All’inizio del I sinodo diocesano della Chiesa di Alife-Caiazzo, invochiamo la luce e la forza dello Spirito santo, perché susciti in noi l’appassionarsi di Gesù, che ci conduce allo “spezzare il pane” non come a un rito vuoto o soltanto propiziatorio per i defunti, ma come alla opportunità e alla fortuna di tornare ogni domenica in sintonia con le sue scelte che ci rendono popolo della vita per andare ad annunciare ai fratelli la felicità di essere uomini amati e costruttori nel nostro territorio della civiltà dell’amore.
Immagino il senso di gioia e di liberazione impresso sul volto dei discepoli che, dopo aver ascoltato il Risorto ed averlo riconosciuto nello spezzare il pane, corrono verso Gerusalemme… Dopo l’ascolto della Parola, lì, in quel pane e in quel gesto hanno capito la Pasqua del Signore come stile e opportunità alta di essere uomini ed hanno ripreso ad entusiasmarsi. Lo Spirito stasera ci ha condotto qui, dove ci radunerà nei prossimi giorni, perché sul volto della nostra Chiesa scompaia la tristezza e la delusione della via di Emmaus e ricompaia l’entusiasmo di chi seguendo Gesù, diventa capace di appassionarsi per amore e di correre dai fratelli sulla via di Gerusalemme per recare gesti e annunci di gioia. In questi mesi di preparazione al Sinodo molte persone si sono impegnate con grande generosità. Le ringrazio e sono sicuro che porteranno in questa Assemblea la voglia di resurrezione e di bellezza che nasce dall’incontro con il Crocifisso risorto. Chiediamo allo Spirito la grazia di contagiarci a vicenda per continuare la bella storia della nostra Chiesa di Alife-Caiazzo. San Luca dopo il Vangelo, scrive gli Atti degli Apostoli, raccontandoci i risultati benefici della corsa dei discepoli di Emmaus verso Gerusalemme. E’ la corsa che lo Spirito chiede a noi in questo tempo perché la nostra Chiesa, appassionandosi come Gesù alla causa del Regno di Dio, riscriva nel nostro territorio nuove pagine di umanità, di speranza e di salvezza.

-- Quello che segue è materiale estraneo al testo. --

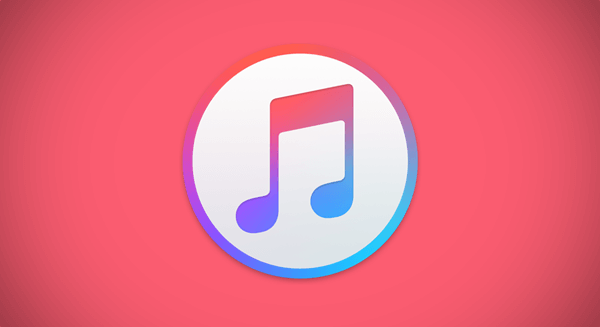 iTunes Logo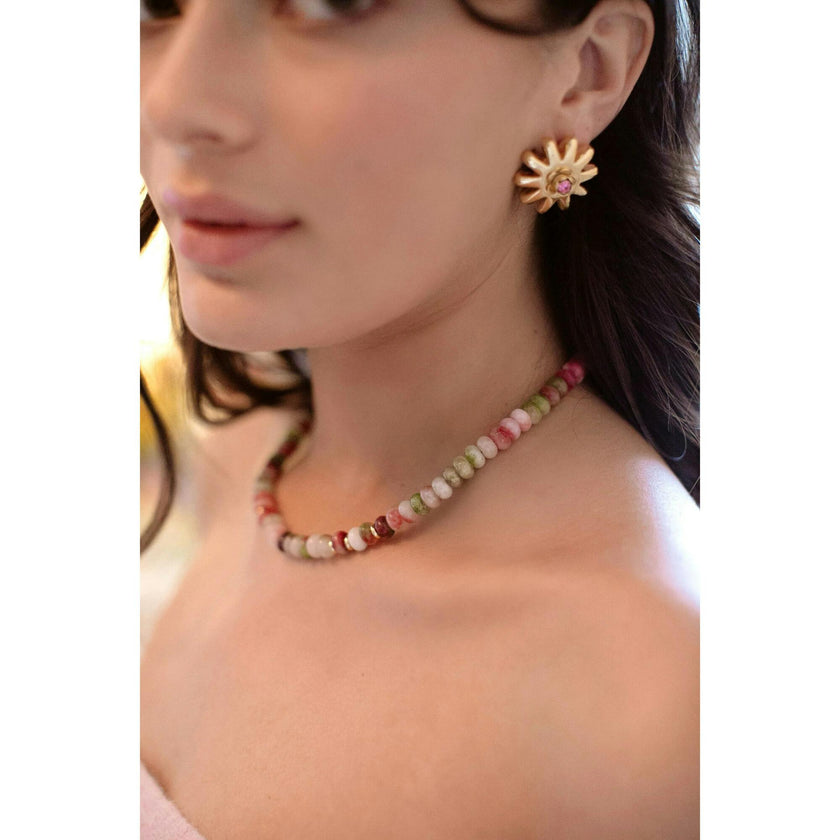 Bailey Necklace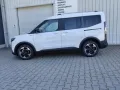 Ford TOURNEO COURIER 1.0 ECO BOOST ACTIVE PLUS BEHEIZ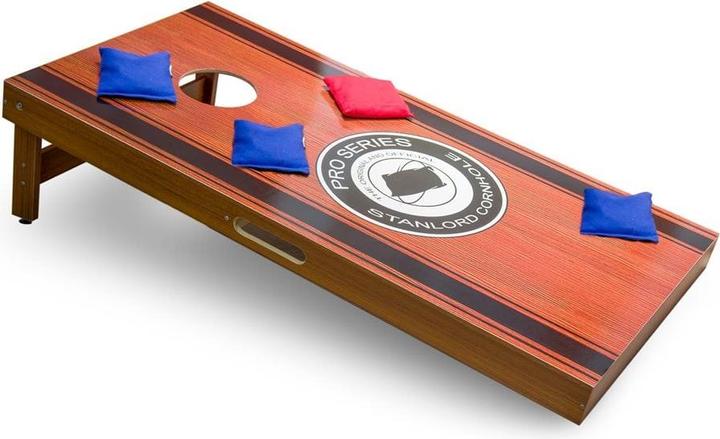 Stanlord Cornhole Pro Single (6951352)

Affidiamo il nostro Sinodo a Maria. La sua immagine che dominerà fisicamente le nostre Assemblee sinodali, ci ricordi la sua materna protezione e l’impegno a sceglierla come modello e guida del nostro “camminare insieme”. La Madre di Gesù e madre nostra susciti e sostenga la nostra passione per il Regno, infonda in noi l’umiltà di ascoltare il Signore, di smussare i nostri angoli per rinnovare tra noi
l’esperienza della Pentecoste e costruire una vera comunione fraterna, capace di rivelare il volto di Dio al nostro Territorio, sull’esempio dei nostri santi Patroni e di quanti hanno amato e servito la nostra Chiesa.